# Benchmarks
This document explains how to run the Criterion benchmarks, how datasets are chosen/created, and how to generate persistent sample datasets for reproducible measurements.
The benchmark suite measures:
- Sequential vs parallel processing
- With and without line-numbered code blocks
- Multiple dataset sizes (tiny, small, optionally medium)

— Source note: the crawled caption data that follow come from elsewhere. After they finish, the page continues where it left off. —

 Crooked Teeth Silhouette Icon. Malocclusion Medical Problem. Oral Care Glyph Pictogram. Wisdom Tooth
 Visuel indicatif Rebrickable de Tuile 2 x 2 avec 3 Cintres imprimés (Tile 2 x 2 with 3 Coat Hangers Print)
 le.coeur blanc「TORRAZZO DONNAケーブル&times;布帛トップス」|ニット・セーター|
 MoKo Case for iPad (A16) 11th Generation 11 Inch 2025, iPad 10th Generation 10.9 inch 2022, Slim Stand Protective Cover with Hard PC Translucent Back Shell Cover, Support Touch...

By default, runs are silent to avoid skewing timings with console I/O.
---
## Quick start
- Run (parallel by default):
- Linux/macOS:
- `cargo bench --bench context_bench`
- Windows PowerShell:
- `cargo bench --bench context_bench`
- Include the medium dataset (heavier, disabled by default):
- Linux/macOS:
- `CB_BENCH_MEDIUM=1 cargo bench --bench context_bench`
- Windows PowerShell:
- `$env:CB_BENCH_MEDIUM=1; cargo bench --bench context_bench`
- HTML reports:
- Open: `target/criterion/report/index.html`
- Or per-benchmark: `target/criterion/context_builder/*/report/index.html`
---
## Parallel vs sequential
Parallel processing is enabled by default via the `parallel` feature (rayon).
- Force sequential:
- `cargo bench --no-default-features --bench context_bench`
- Force parallel (even if defaults change):
- `cargo bench --features parallel --bench context_bench`
Note: Benchmarks compare both “line_numbers” and “no_line_numbers” modes. Line numbering does additional formatting work and is expected to be slower.
---
## Silence during benchmarks
Benchmarks set `CB_SILENT=1` once at startup so logs and prompts don’t impact timings.

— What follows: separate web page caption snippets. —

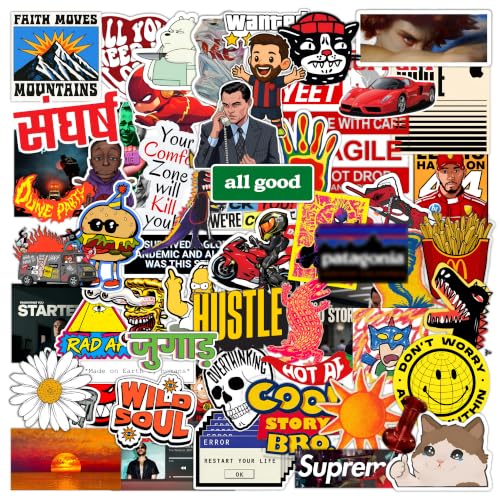 Image of CodersParadise Random Vinyl Sticker Pack of 63, Decorative Decals for Laptop, Water Bottle, Phone Case, Notebook, Journal, Scrapbook, Luggage, Helmet, Bike and DIY Craft Projects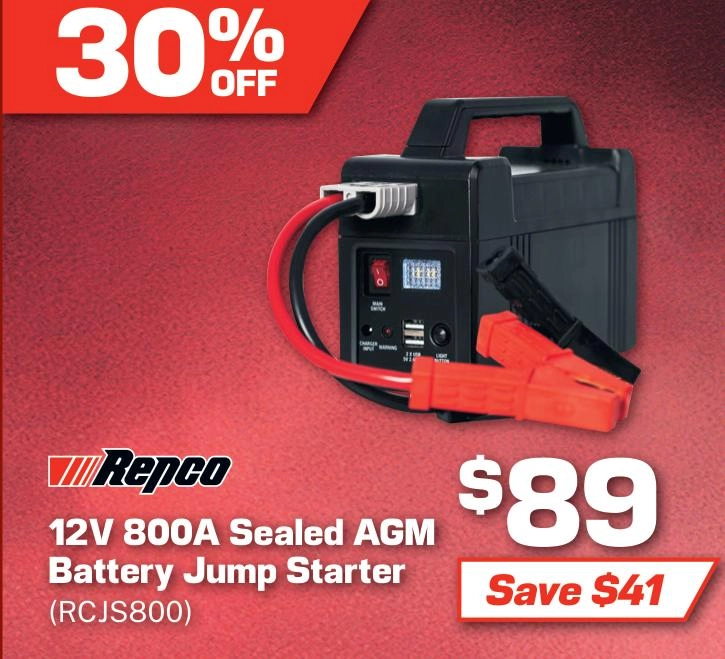 Repco 12V 800A Sealed AGM Battery Jump Starter - RCJS800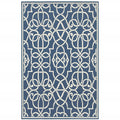 9' X 13' Blue and Ivory Geometric Stain Resistant Indoor Outdoor Area Rug on a white background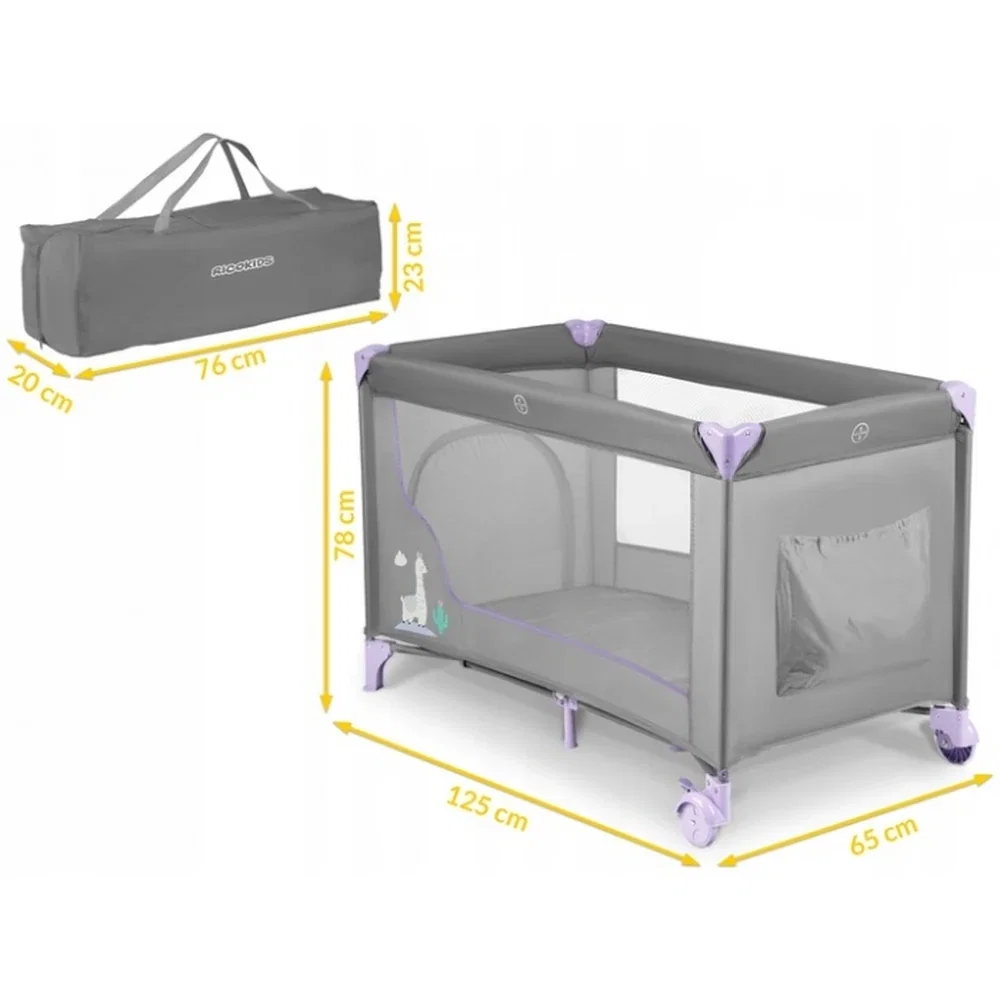 Patut pliabil Ricokids - Gri cu mov [5]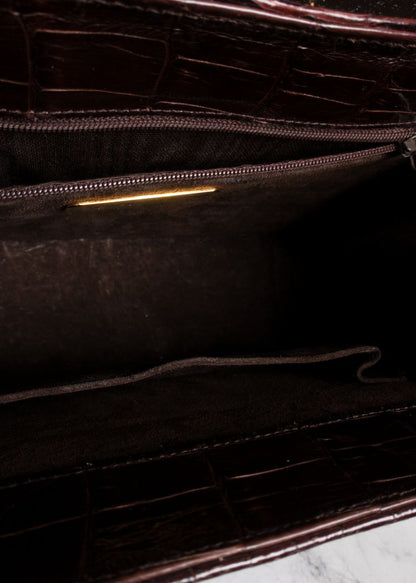 Darby Scott Crocodile Embossed Handbag With Amber Beaded Handles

- To see output during benchmarks:
- Linux/macOS:
- `CB_SILENT=0 cargo bench --bench context_bench`
- Windows PowerShell:
- `$env:CB_SILENT=0; cargo bench --bench context_bench`
Prompts are auto-confirmed inside benches, so runs are fully non-interactive.
---
## Dataset selection
Each scenario picks an input dataset with the following precedence:
1) If `./samples/<dataset>/project` exists, it is used.
2) Else, if `CB_BENCH_DATASET_DIR` is set, `<CB_BENCH_DATASET_DIR>/<dataset>/project` is used.

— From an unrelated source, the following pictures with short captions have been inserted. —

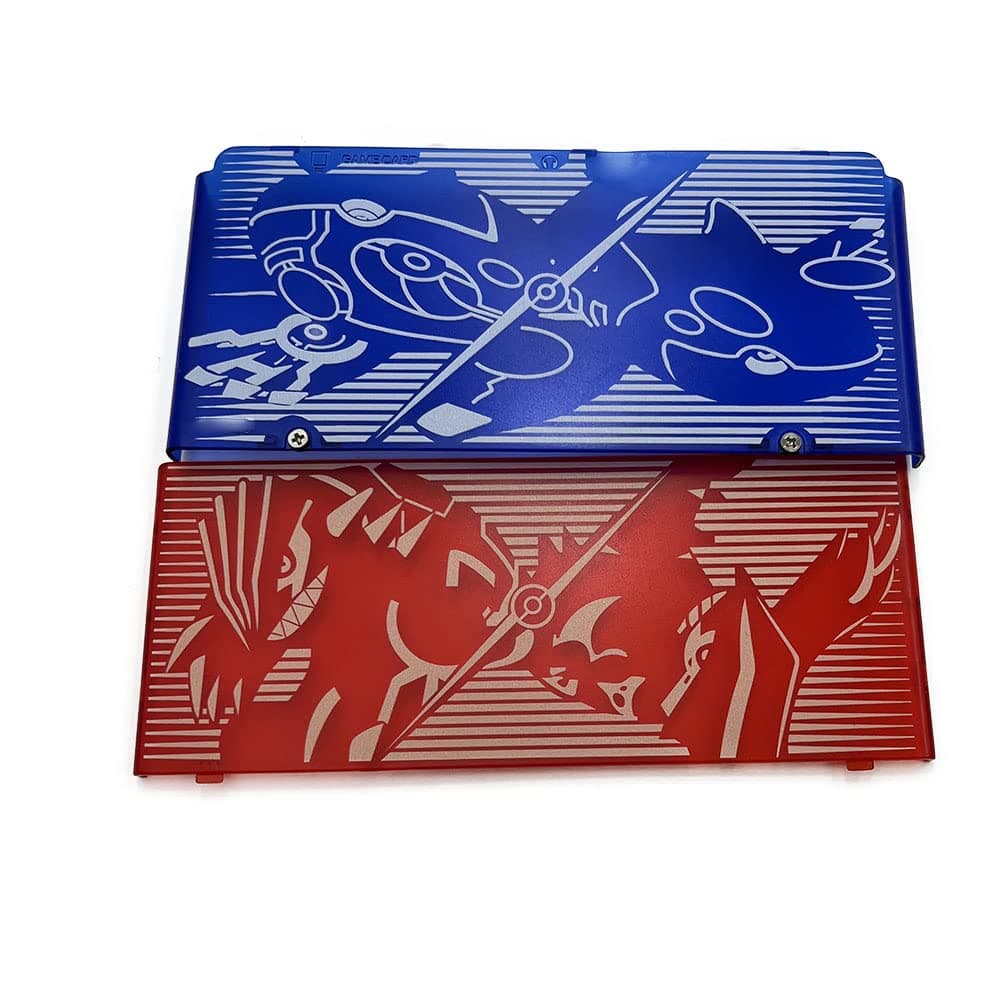New Replacement Front Back Faceplate Plates Upper & Lower Panel Battery Housing Shell Case Cover for New 3DS Game Console 2015 - Clear Red Blue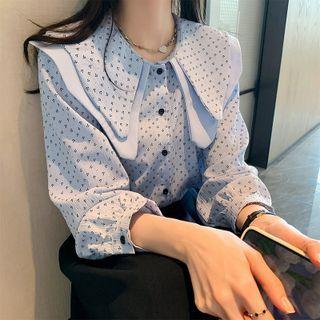 Peter Pan Collar Dot Pattren Loose-fit Shirt
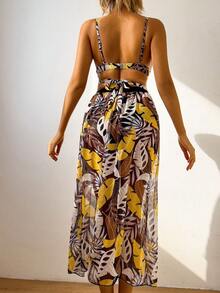 SHEIN Swim Bộ bikini in hình cây nhiệt đới đi biển mùa hè cho nữ - màu đen - Xem 2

3) Else, a synthetic dataset is generated in a temporary directory for the run.
Datasets used:
- tiny: ~100 text files (fast sanity checks)
- small: ~1,000 text files (default performance checks)
- medium: ~5,000 text files (only when `CB_BENCH_MEDIUM=1` is set)
Default filters in the benches focus on text/code: `rs`, `md`, `txt`, `toml`. Common ignored directories: `target`, `node_modules`. Binary files are generated but skipped by filters.
---
## Reproducing results
For more stable and reproducible measurements:
- Generate persistent datasets into `./samples/` (see below).
- Keep your machine’s background activity low during runs.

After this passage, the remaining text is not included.